### EXERCISE GOAL
Would you please copy the part of the material below that opens with the line containing "DOLZ Tandremssæt SKD021" and closes with the line containing "长沙自动门平移门玻璃自动门人脸识别自动门指纹刷卡自动感应门"? Copy it exactly, and only it.

### EXTRACTED ENTRIES
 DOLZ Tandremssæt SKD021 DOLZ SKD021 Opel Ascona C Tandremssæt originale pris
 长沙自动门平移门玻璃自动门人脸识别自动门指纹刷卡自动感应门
--
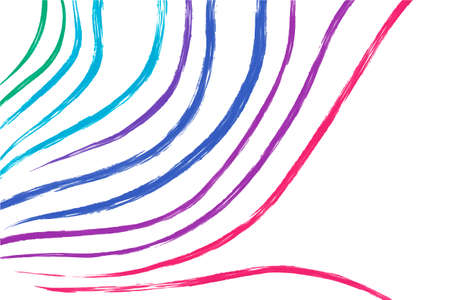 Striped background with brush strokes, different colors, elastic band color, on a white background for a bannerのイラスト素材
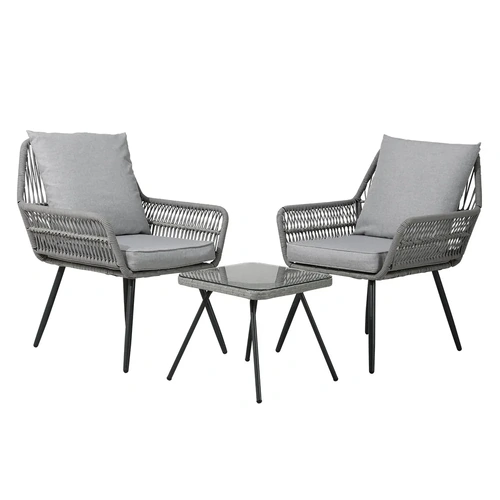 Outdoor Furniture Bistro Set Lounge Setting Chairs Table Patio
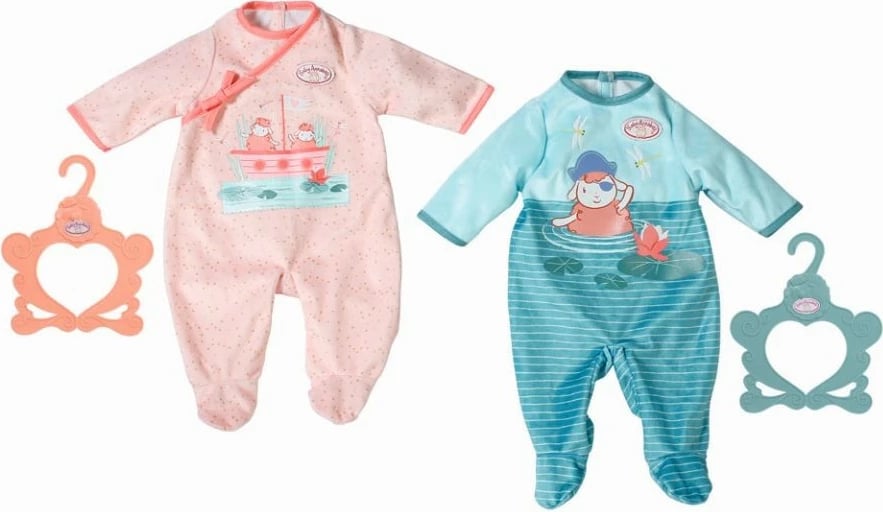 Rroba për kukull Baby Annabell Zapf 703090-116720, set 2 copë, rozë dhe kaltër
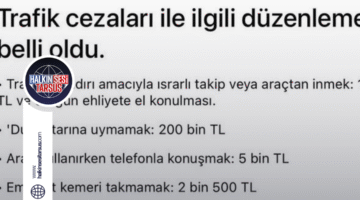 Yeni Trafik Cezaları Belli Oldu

### SOLUTION FOR THIS PROBLEM
 DOLZ Tandremssæt SKD021 DOLZ SKD021 Opel Ascona C Tandremssæt originale pris
 长沙自动门平移门玻璃自动门人脸识别自动门指纹刷卡自动感应门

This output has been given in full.